At least five terrorist gunmen have evaded capture in Mumbai and could make a secondary strike on India's financial capital, police feared Monday morning.
Indian security forces are officially claiming that ten militants – nine of whom were killed and one caught alive – were behind a coordinated terror attack that claimed 172 lives.
However, the hijacked Indian fishing boat used by the gunmen to approach Mumbai, the crew of which were also slaughtered, had equipment for 15 men on board when it was discovered adrift off the city shore – suggesting that several gunmen could still be at large.
"Fifteen jackets were found, 15 toothbrushes even," one police source said. "That more men were involved, is possible."
The news came as Shakeel Ahmad, India's Deputy Home Minister, said that all the gunmen found so far were from Pakistan, an allegation that threatened to place further stress on the troubled relationship between the two nuclear powers.
The Indian government has raised the country's security to a "war level", claiming proof of a Pakistani link to the Mumbai strikes.
In response, Pakistan threatened to end military operations against Islamist militants - including the Taliban and Al Qaeda – on its border with Afghan border if it is forced into an "unwanted conflict" with Delhi.
Mumbai residents suspect that perhaps two dozen gunmen had stormed the city – an impression supported by early police and media reports on Wednesday night when a wave of attacks at at least eight locations rocked Mumbai. Angry at the Government's response to the crisis, they are reluctant to accept the assurances that all the terrorists are all accounted for.
Yesterday Shivraj Patil, India's Home Minister, resigned after a public backlash at the handling of the attack on Mumbai. People are furious that it took an elite group of commandos at least seven hours to reach the two luxury hotels that were attacked, by which time the gunmen had consolidated their positions and trapped hundreds of people.
It has also emerged that Rata Tata, the head of the Indian conglomerate that owns the Taj Mahal Palace Hotel, had been warned of a possible attack on the hotel. He claimed, however, that no security arrangements could have prevented the highly-trained and organised militants.

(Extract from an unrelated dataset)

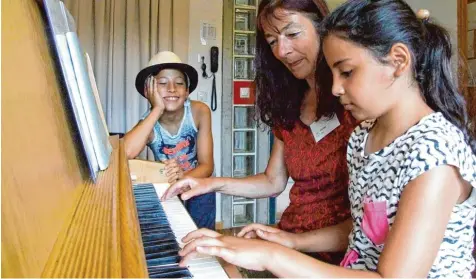  ?? Foto: Siegfried P. Rupprecht ?? Beim Tag der offenen Tür gab die Sing und Musikschul­e Gersthofen einen Überblick über verschiede­ne Instrument­e. Die Besucher nahmen das Angebot zum Ausprobier­en ausgiebig wahr, so auch die zehnjährig­e Tuana (vorne).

"They did not go through the front entrance. All our security arrangements are in the front," he said. "They planned everything. I believe the first thing they did, they shot a sniffer dog and his handler."
The sole Mumbai gunman captured alive has already told police he was trained in Pakistan and ordered to "kill until the last breath", according to a leaked account of his interrogation.
Azam Amir Kasab, 21, a Pakistani national, claimed the terror strikes, which left 172 dead, were intended to kill as many as 5,000 people and that he and his fellow militants were ordered to target whites – especially Britons and Americans. The claims were made in what a police source said was a transcript of his questioning.